Market Roundup:
- The New Zealand dollar saw the most action following RBNZ decision to increase rates by 25bps to 3%. NZDJPY jump 0.4%. The markets had already priced in the rate hike but the following statement was also hawkish, with the consensus being a further 0.5% increase this year, with some speculating June as the next rate rise.
- The Aussie sheepishly held onto yesterday's lows with mild gains of 0.1% early Asia trading as the markets await the next catalyst.
UP NEXT:
- German IFO Business climate survey edged lower from its 3-year high last month but overall looks strong, although this month's forecast is 0.2 lower than last month at 110.50. Whilst we can expect some movement on EUR crosses it is likely to be overshadowed by...
- ECB President, Mario Draghi, speaking about 'Central Banking in the Next Two Decades'. A lot of attention will be paid to his words for any clues regarding possible QE from the exchange rate and deflation.
- US Core Durable goods is a volatile release (in term of the actual release itself) as it can swing wildly between positive and negative. Durable goods are those built to last over 3 years so are a good indicator for economic outlook.
- US Unemployment claims come out at the same time so expect some volatility across the markets, particularly USDCAD and USDJPY as they are main trading partners with the US.
Pairs to Monitor: EUR/USD, USD/CAD, USD/JPY, AUD/USD.
Technical Analysis:
AUD/USD: Dead Cat Bounce targets 0.925 (Below 0.93)
The Dead Cat bounce has to be my favourite setup, not only because the name is slightly comical but also because it is easy to identify and relatively reliable.
Indeed here we have a solid bearish bar followed by 'sheepish' retracement price action floating towards a resistance zone. Regardless of the outcome as a price action set-up I find it very appealing for a short position.
Options to enter are live at market with stop above the resistance area (up to you where). Alternatively you can set up a sell-limit order closer to the pivot line to anticipate 'one last gasp' before the losses resume.
A break above 0.9308 invalidates the analysis.
Brent Oil: Tweezer Bottom above Monthly Pivot
5 trading sessions ago we saw a Shooting Star Reversal followed by a Spinning Top/Rikshaw Man Doji, followed by 3 Hanging Men Reversals.
Just because the name states (or implies) 'reversal' or it doesn't mean it has to be one. It could just be a temporary weakness to a movement and sideways trading.
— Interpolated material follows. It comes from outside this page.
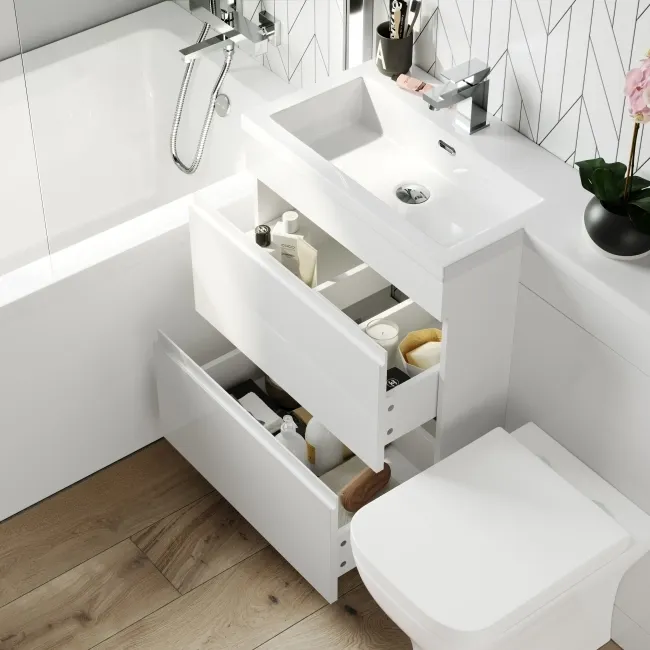 Trent Gloss White Combination Basin Drawer and Atlanta Toilet 1100mm - Left Handed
As long as we remain above the Monthly Pivot then I suspect we are nearing the end of a correction and the 'Hanging Man Reversal' will turn out to be bullish hammers.
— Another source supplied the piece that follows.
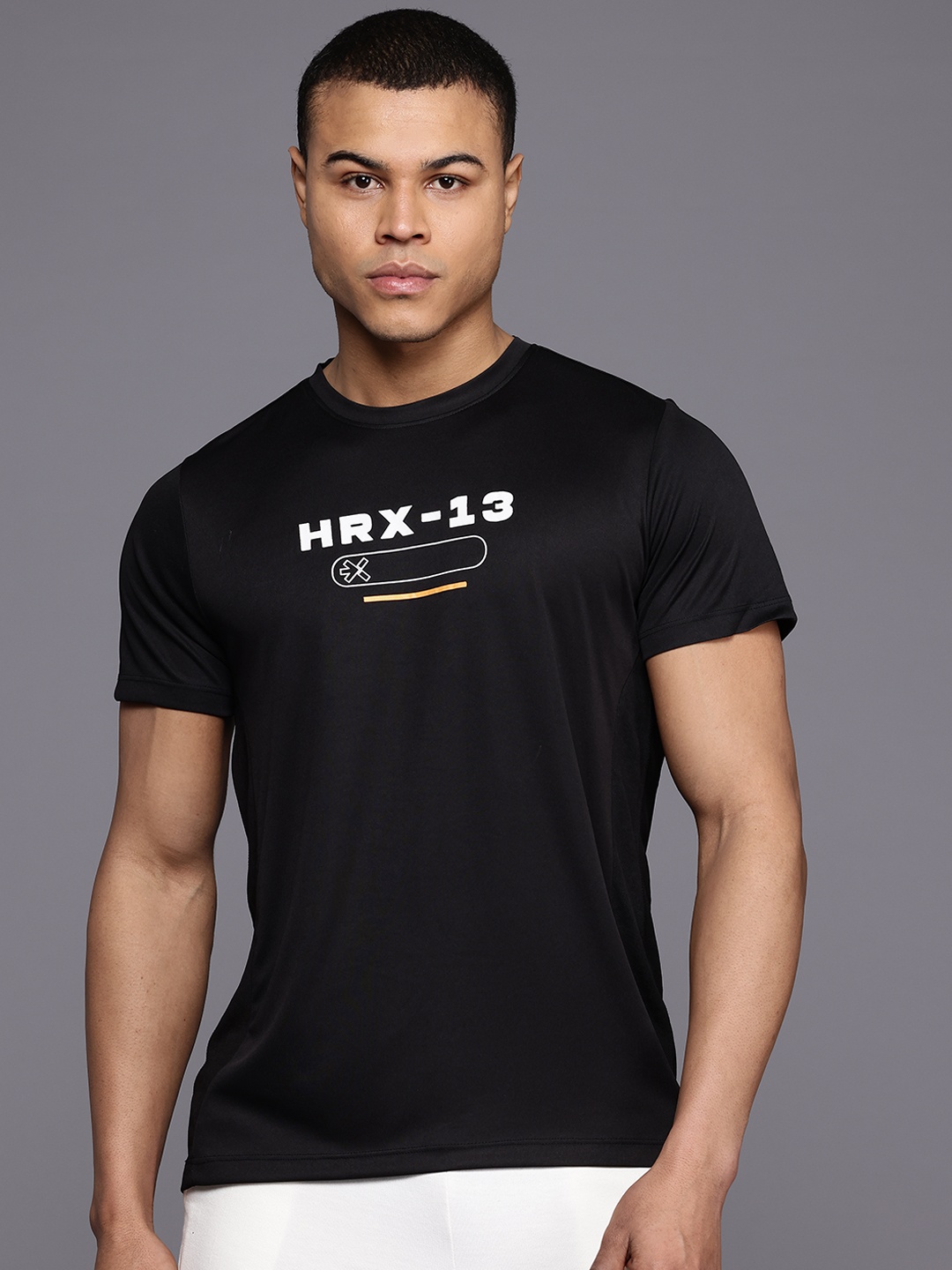 

HRX by Hrithik Roshan Typography Print Rapid-Dry Training T-shirt, Black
Also notice that the past 2 trading sessions have produced a 'Tweezer Bottom' with yesterday's inside bar showing a reduction of volatility whilst also respecting the Monthly Pivot.
The next target remains $110.80 and bullish setups on lower timeframes (H4, H1, and H15) could be considered above $105.80 with a break below $108.30 confirming the analysis invalidated.